Страна — это была я. Страна огромная — это были все мы. И только естественно, что пародирование «Интернационала», который с детства для меня был — а потому и остался — гимном моей страны, я всегда буду ощущать как кощунство.
Вообще высокая степень тогдашней социальной включенности ребенка в жизнь страны в целом сейчас непредставима. Более подробно я буду говорить об этом в связи с войной и моими послевоенными школьными годами. Что касается тридцатых, то самым ярким примером может быть гражданская война в Испании. Чем на самом деле была эта война, я по-настоящему поняла, когда взрослым человеком прочла очерки Оруэлла «Памяти Каталонии» (Hommage to Catalonia). Правду сказать, у меня не хватило моральных сил прочесть эту книгу до конца — в такое отчаяние она меня повергла.

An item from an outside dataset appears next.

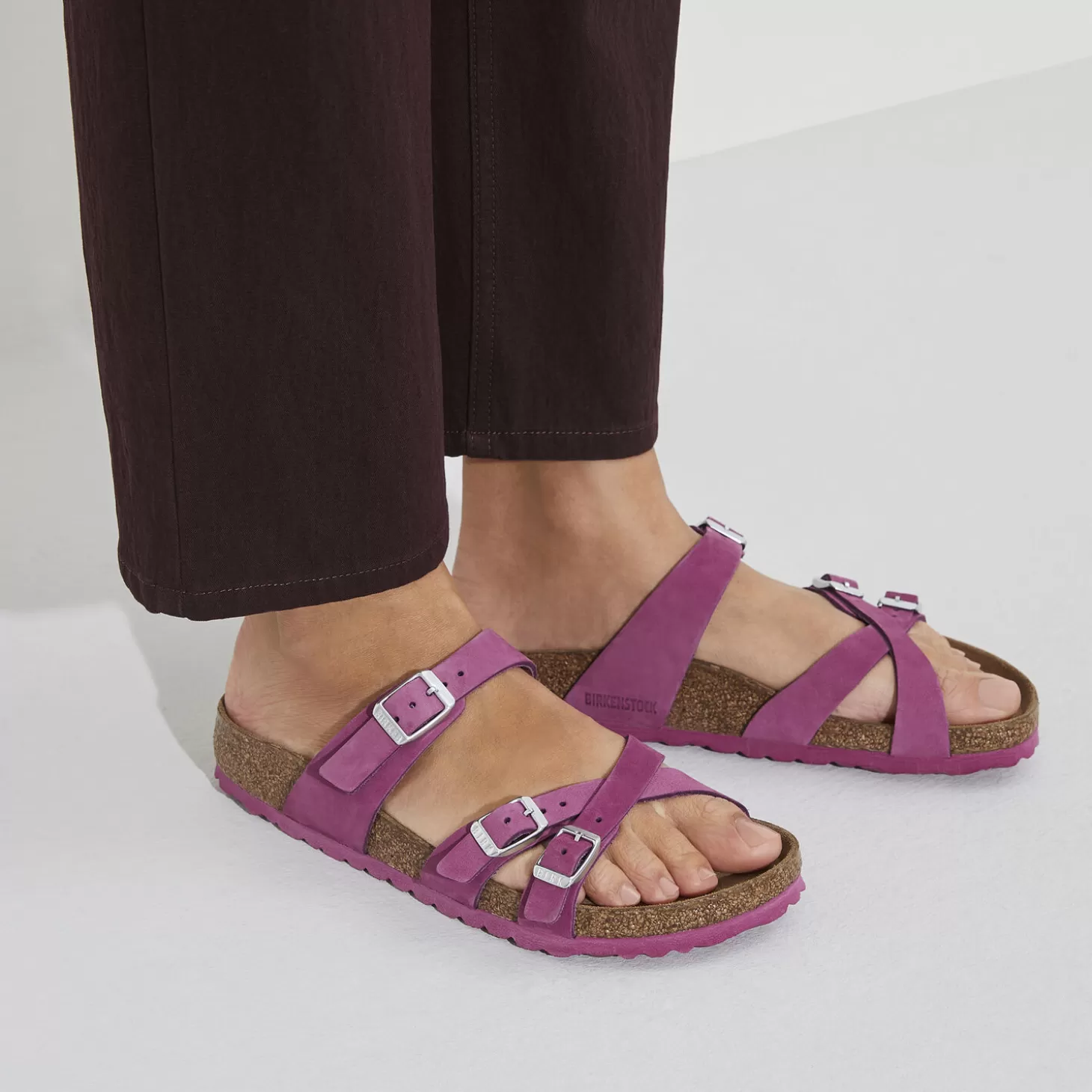 Brides Multiples | Birkenstock Franca Lit De Pied Souple Dark Fuchsia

В детстве же все виделось по-иному: были герои-республиканцы, были негодяи-фашисты. И, наконец, были испанские дети, вывезенные из-под бомбежек в Союз. У меня сохранилась детиздатовская книга стихов А. Барто «Над морем звезды» с фотографиями известного тогда репортера Б. Макасеева. Сейчас эти фотографии ужасают, напоминая прежде всего о Чечне. Тогда же печальный смуглый мальчик лет пяти в шапочке-«испанке» и с игрушечной винтовкой на плече был символом беззащитного добра, противостоящего безусловному злу. Мне очень хотелось увидеть хоть одного всамделишного испанского ребенка. С этим пришлось подождать всего одиннадцать лет: когда я стала студенткой испанского отделения филологического факультета МГУ, моим ближайшим другом стал испанский мальчик. Такие же испанцы, только постаревшие, разговаривают и смеются в фильме Тарковского.

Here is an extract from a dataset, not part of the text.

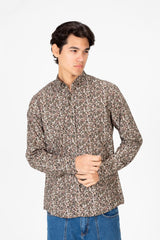 قميص رجالي مطبوع بأكمام طويلة وقصة ضيقة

Было еще два события, о которых я по малолетству помнить не могу, но о которых с детства слышала от отца. Это трагический исход полета стратостата Усыскина и катастрофа самолета «Максим Горький». Возможно, что об этом говорилось не раз, поскольку я запомнила не только факты, но и оценки. Отец считал, что экспедиция в стратосферу была технически абсурдной, а поведение истребителя, сопровождавшего в небе самолет-гигант и послужившего, по папиной версии, причиной катастрофы, необъяснимой авантюрой. Я думаю, что об этих трагедиях я могла и не вспомнить, если бы не фильм Тарковского «Зеркало».
«Зеркало» я первый раз видела примерно в 1976 году. Собственно говоря, слово «видела» не самое подходящее, потому что с первых же хроникальных кадров я начала не просто плакать, а заливаться слезами так, что на экран смотрела как через залитое дождем окно. Юная моя спутница смотрела кино; ей было двадцать. Я же, как и сам Андрей Тарковский, смотрела в «зеркало». И то, что прежде я считала героизмом, нередко теперь выглядело как неоправданная жертва.
Действительно. Можно самому выбрать смерть — как евреи, восставшие в Варшавском гетто; как тот, кто
… умер, сам себе привив чуму,
последний опыт кончив раньше срока.
И совсем другое — думая, что выбираешь, на деле быть лишь игрушкой тирана, пушечным мясом и лагерной пылью. Нужно ли было вообще на одномоторном самолете лететь в Америку через Северный полюс? Наши солдаты, тянущие на себе увязающие в илистой грязи Сиваша пушки, чтобы спасти отрезанный от остальной армии Крым, — не жертвы ли они бездарности командующих и страха не перед врагом, а перед «особистами»? Сколько людей обеспечивали наши свершения в лагерях и «шарашках»?
У меня не просто украли праздники — у меня отняли еще что-то. Мою историю? Мою страну?